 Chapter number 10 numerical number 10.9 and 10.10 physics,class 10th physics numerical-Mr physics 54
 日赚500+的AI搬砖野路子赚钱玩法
┄┄┄┄┄┄┄┄┄┄┄┄┄┄┄┄┄┄┄┄
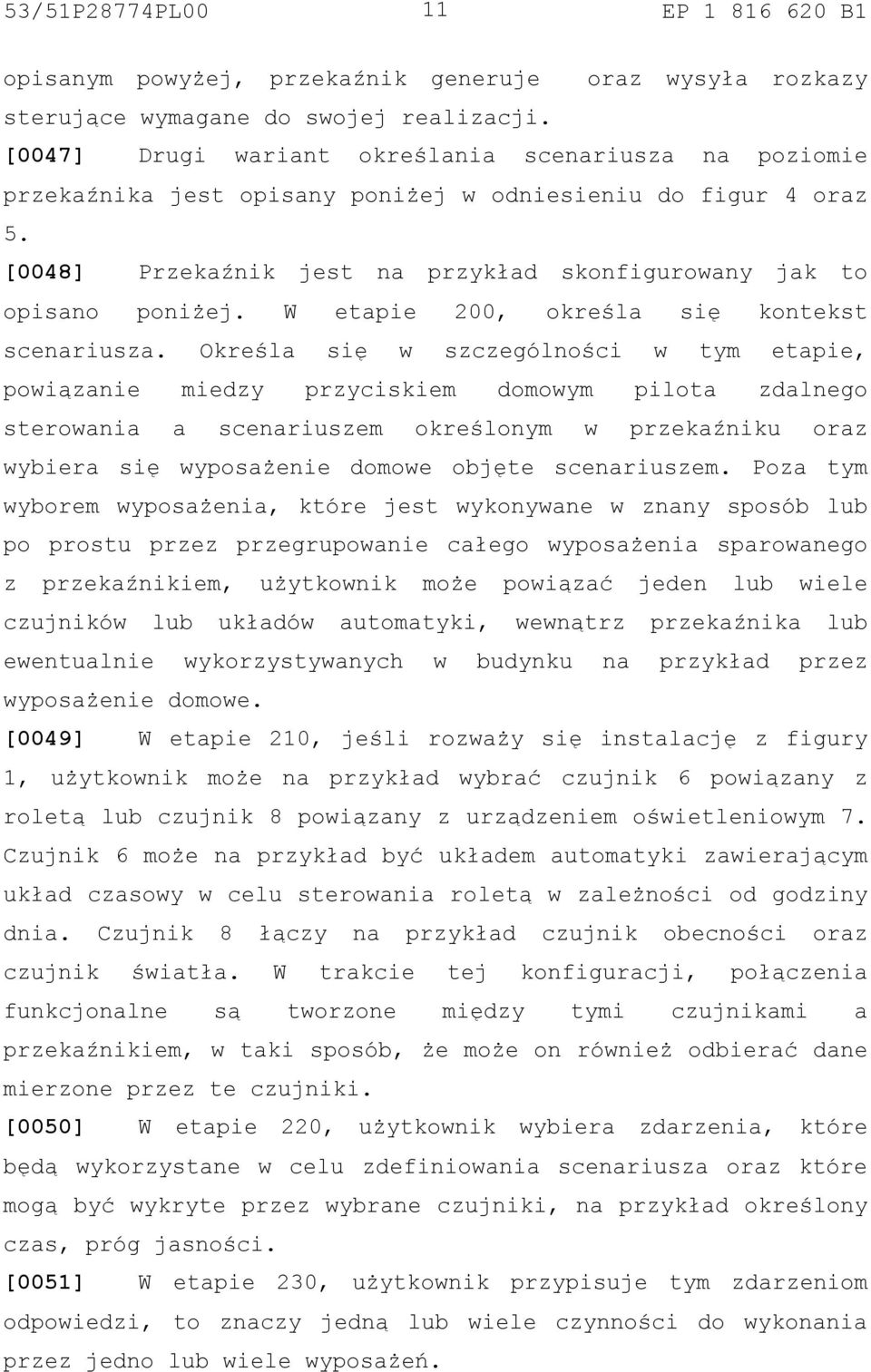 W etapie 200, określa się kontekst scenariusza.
┄┄┄┄┄┄┄┄┄┄┄┄┄┄┄┄┄┄┄┄
§ **AIM OF THE EXERCISE**
In the entries above, the lines from the one bearing "Chapter number 10" up to and including the one bearing "日赚500+的AI搬砖野路子赚钱玩法" should be transcribed exactly; no other line is wanted.

§ **RESULT**
 Chapter number 10 numerical number 10.9 and 10.10 physics,class 10th physics numerical-Mr physics 54
 日赚500+的AI搬砖野路子赚钱玩法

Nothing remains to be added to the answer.